Let’s consider one recent example where the lack of corporate will was evident.
Beam Suntory paid $8 million to settle with the SEC FCPA violations in India. In calculating the appropriate penalty, the SEC declined to credit Beam for remediation of its compliance program. In the settlement order, the SEC outlined in detail how Beam failed to respond to potential bribery conduct despite numerous early warning signs of such conduct. Beam’s failure to act exemplified its lack of courage or its lack of corporate will.
Beam’s bribery conduct in India occurred during the period 2006 to 2012.
In 2010, Beam engaged a global accounting firm to conduct a compliance review of Beam India. In early 2011, the accounting firm reported that Beam India executives believed that third-party promoters were making bribery payments to government officials and recommended that Beam conduct and document due diligence to confirm activities by third parties, investigate red flags and discuss legal consideration of third party actions taken on Beam’s behalf. After receiving this report, Beam consulted a U.S. law firm, which advised Beam to follow up on these issues.

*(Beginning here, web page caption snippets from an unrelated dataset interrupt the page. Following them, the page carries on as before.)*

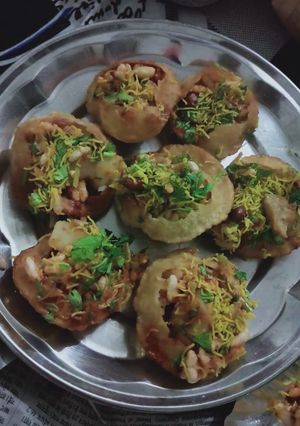 A picture of Sev puri.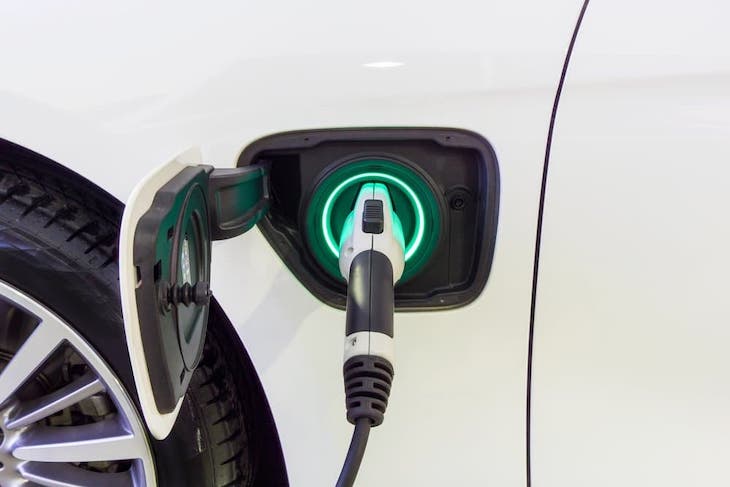 El coche eléctrico tiene dos problemas: por una parte los puntos de carga insuficientes y el segundo el precio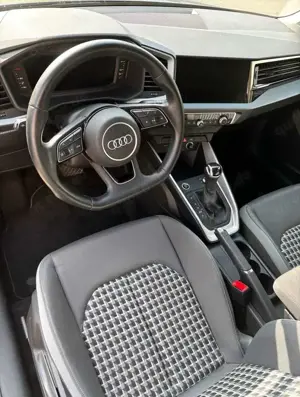 Audi A1 A1 35 TFSI Sportback S tronic S line Bild 3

Beam then retained an Indian law firm to review and expand the work conducted by the accounting firm. The Indian law firm interviewed Beam senior managers who believed that third parties in India may make payments and provide gifts to customs officials. In the end, the Indian law firm confirmed many of the accounting firm recommendations.
Beam then requested its U.S. law firm to review and report on the work done by the Indian law firm. In August 2011, the U.S. law firm reviewed the Indian law firm’s report and noted that the Indian law firm did not review Beam’s books and records, internal controls or other issues related to accounting practices. In sum, the U.S. law firm confirmed the advice given by the global accounting firm, and the Indian law firm, and proposed additional steps including a financial review, and hiring of a forensic auditor. Beam did not follow any of the recommendations.

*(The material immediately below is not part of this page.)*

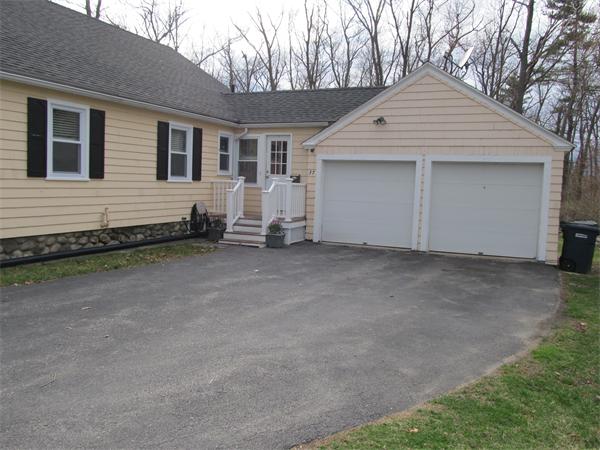 37 Homestead Road Holden, MA 01520 - Photo 2 of 18 Gallery Image 2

In September 2011, the Indian law firm recommended that Beam interview operational employees involved in high risk transactions with third party promoters. Beam again declined to do so.
In November 2011, a former Beam India employee alleged a scheme through which a manager was using false invoices to generate cash. A review completed in March 2012 concluded that the manager was using the funds to pay bribes over a two year period for approval of label registrations. Despite reaching this conclusion, Beam did not expand its review to examine other third party practices.
In July 2012, a former Beam accountant raised similar compliance issues that eventually resulted in the uncovering the full range of conduct that was the subject of the enforcement action.
Beam’s course of conduct over nearly two years revealed its unwillingness to investigate and uncover misconduct – no wonder that Beam eventually settled for $8 million. Beam failed the true test of corporate character.